Dataset records:
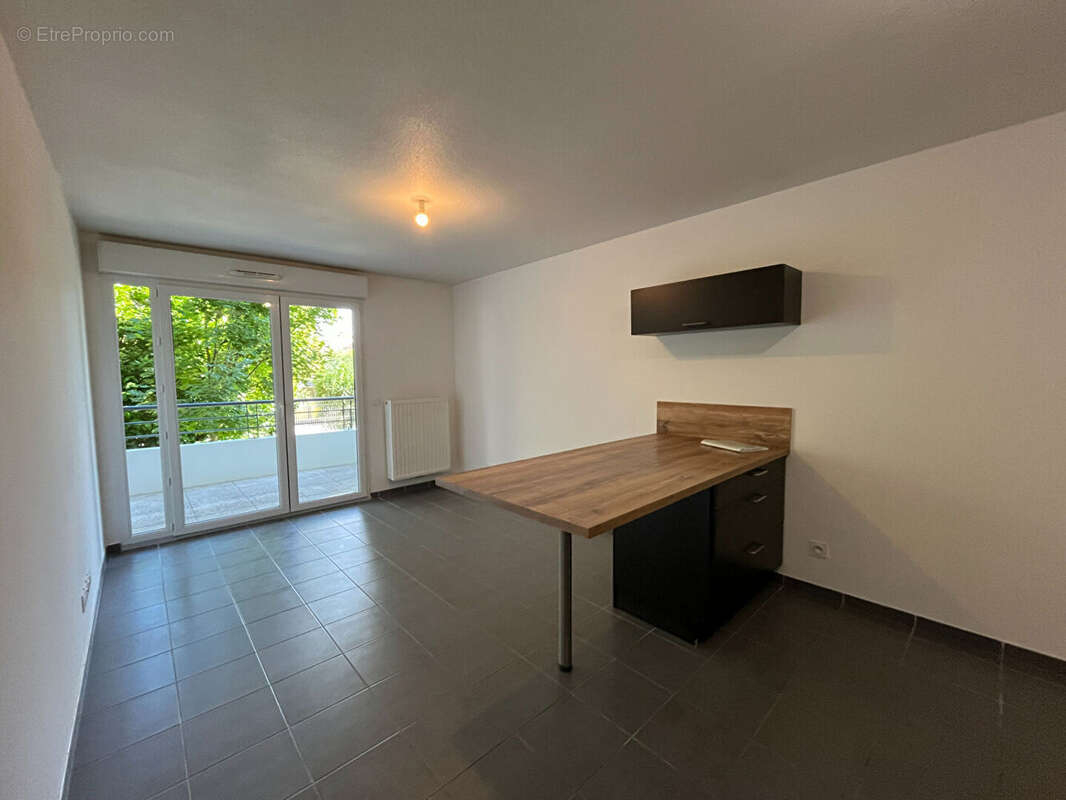 Photo 7 - Appartement à AVIGNON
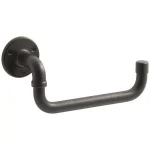 KOHLER Worth 10 in. Towel Arm in Oil-Rubbed Bronze thumbnail 1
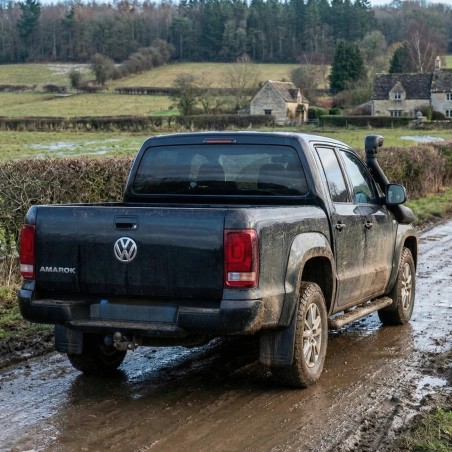 Schnorchel Volkswagen Amarok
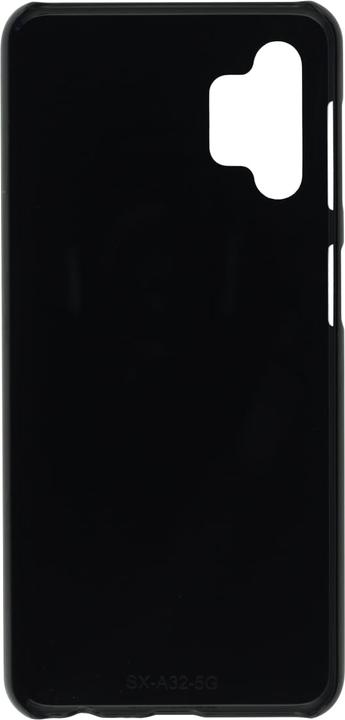 Produktbild PhoneLook Hülle Marble Black 01 (Samsung Galaxy A32 5G)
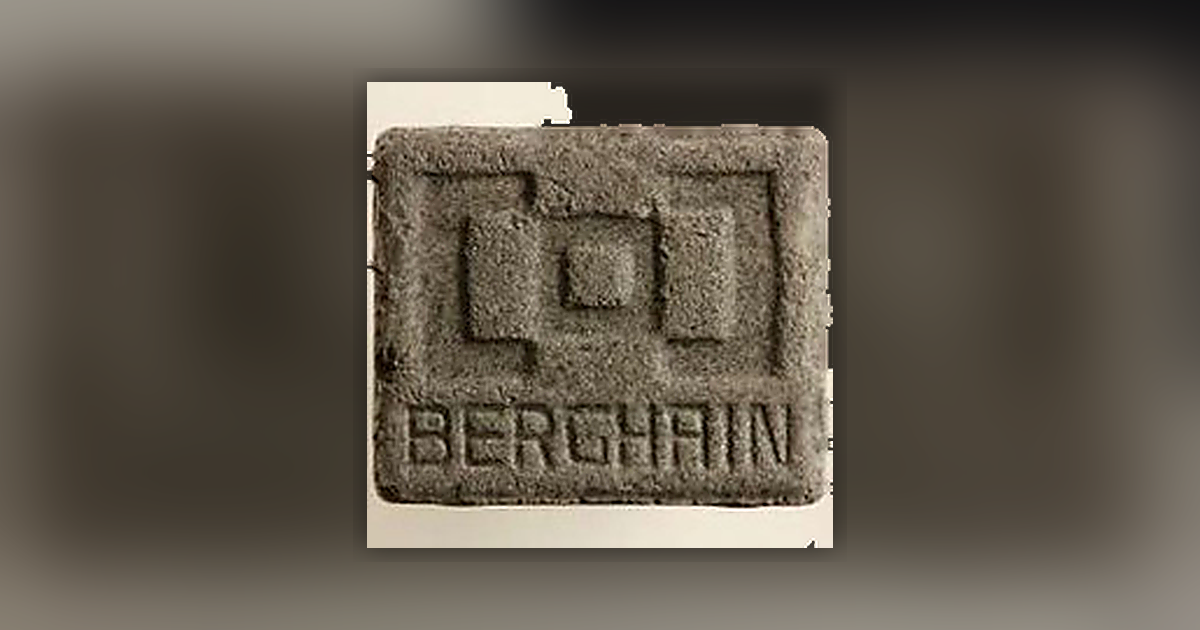 Berghain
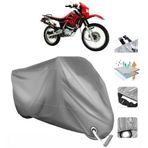Lifan LF200GY-2 VINLEKS Motor Brandası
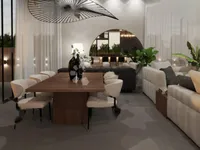 Недвижимость Четырёхкомнатная квартира Центр: 5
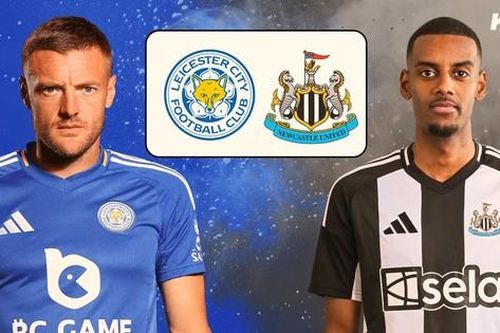 Nhận định Leicester City vs Newcastle, 02h00 ngày 8/4: Bầy cáo sụp đổ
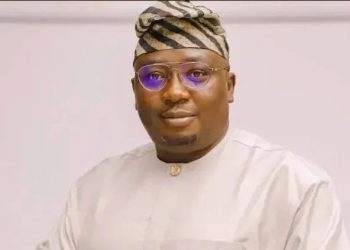 Adelabu Dismisses Defection Rumour, Reaffirms Loyalty to APC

> _AIM OF THE EXERCISE_
Leaving every picture out, return the lines from the one containing "Nhận định Leicester" through the last line of the records exactly.

> _EXERCISE OUTPUT_
 Nhận định Leicester City vs Newcastle, 02h00 ngày 8/4: Bầy cáo sụp đổ
 Adelabu Dismisses Defection Rumour, Reaffirms Loyalty to APC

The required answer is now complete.